Improving Music Source Separation through Feature-Informed Latent Space Regularization

Home AI News Improving Music Source Separation through Feature-Informed Latent Space Regularization

Improving Music Source Separation through Feature-Informed Latent Space Regularization

Introduction
Background Music Source Separation
Challenges with Current Source Separation Systems
Transfer Learning Approach for Source Separation
Student-Teacher Learning for Knowledge Distillation
Proposed System Architecture
Regularization Methods for Knowledge Transfer
- Co-contrastive Regularization
- Distance-Based Regularization
Experimentation and Results
- Evaluation Metrics
- Comparison of Regularization Methods
- Extension to Classification Tasks
Conclusion
References

Introduction

Music source separation is a technique used to separate individual tracks for each instrument from a mixture of music. This process has various applications, such as remixing, creating karaoke tracks, and building hearing aid systems. However, one of the challenges in current source separation systems is the lack of training data. Existing datasets for source separation contain relatively small amounts of training data compared to other domains, such as speech and image processing. In this work, we explore the possibility of using transfer learning to address this issue.

Background Music Source Separation

Music source separation aims to separate individual instrument tracks from a mixed music signal. This process is essential for various applications in the music industry, including remixing, karaoke creation, and hearing aid systems. By separating each instrument track, we can manipulate the audio independently and Create new versions of the original music.

Challenges with Current Source Separation Systems

One of the main challenges in current source separation systems is the limited availability of training data. Existing datasets, such as Muse db18, contain only a few hours of training data. This lack of training data hampers the performance of source separation algorithms, as they struggle to generalize well to different music genres and instrument combinations. To overcome this challenge, we propose exploring the use of transfer learning.

Transfer Learning Approach for Source Separation

Transfer learning is a technique that leverages knowledge learned from one domain to improve performance in another domain. In our case, we aim to train a large-Scale pre-trained model on a dataset with a significant amount of training data, such as AudioSet. We then utilize the learned features from this pre-trained model to aid the downstream task of music source separation.

Student-Teacher Learning for Knowledge Distillation

One approach to incorporating transfer learning in source separation is through student-teacher learning. In this method, the pre-trained model acts as the teacher, and the source separation system acts as the student. During training, the teacher model transfers its knowledge to the student model. However, during inference, we no longer require the presence of the pre-trained model, reducing computational burden.
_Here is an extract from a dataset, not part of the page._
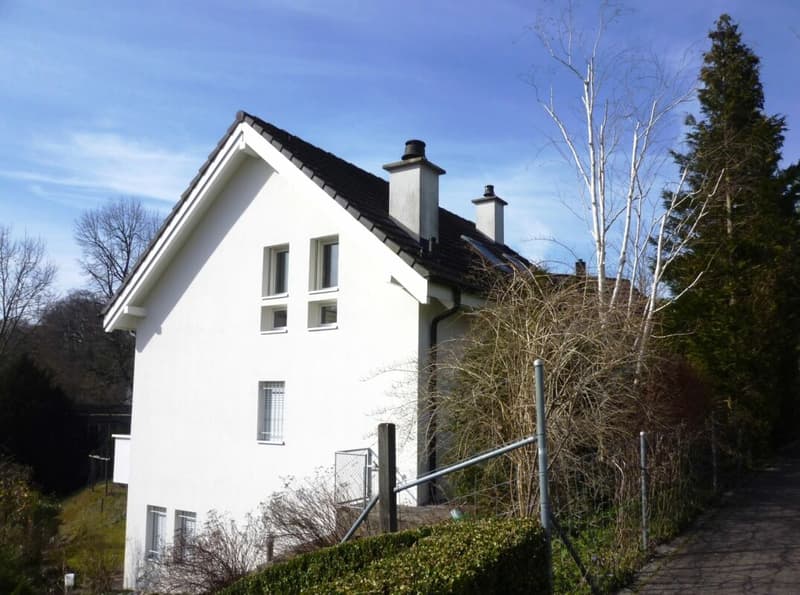 Im Wenkenberg 4, Riehen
Proposed System Architecture

Our proposed system architecture consists of two main components: the source separation system and the pre-trained feature extractor. The source separation system takes in the audio input, extracts an embedding space through an encoder-decoder structure, and reconstructs the individual instrument tracks. We choose the state-of-the-art system, Cross-OpenUnmix, for our experiments. The pre-trained feature extractor is a VGG-like model trained on the AudioSet dataset, which contains a significant amount of training data.

Regularization Methods for Knowledge Transfer

To transfer the discriminative power of the pre-trained feature extractor to the embedding space of the source separation system, we propose two regularization methods: co-contrastive regularization and distance-based regularization. Co-contrastive regularization minimizes the Cosine similarity between the embedding space and the VGG feature if they are from the same instrument category. Distance-based regularization ensures that the distances between embeddings mimic the distances between corresponding VGG features.

Experimentation and Results

We conducted experiments using the Muse db18 dataset, which contains four instrument sources: vocals, bass, drums, and others. We evaluated the performance using three metrics: source-to-distortion ratio (SDR), source-to-interference ratio (SIR), and source-to-Artifact ratio (SAR). The results Show that our proposed regularization methods improve SIR and SAR scores, reducing interference and artifacts in the separated sources. Distance-based regularization outperformed co-contrastive regularization in most cases.

Conclusion

In this work, we explored the use of transfer learning for music source separation. We proposed a student-teacher learning approach and regularization methods to transfer knowledge from a pre-trained feature extractor to the source separation system. Our experiments demonstrated improvements in source-to-interference and source-to-artifact ratios, indicating the effectiveness of our approach. Further experimentation on classification tasks also showcased the discriminative power of our proposed methods in audio tagging and music classification.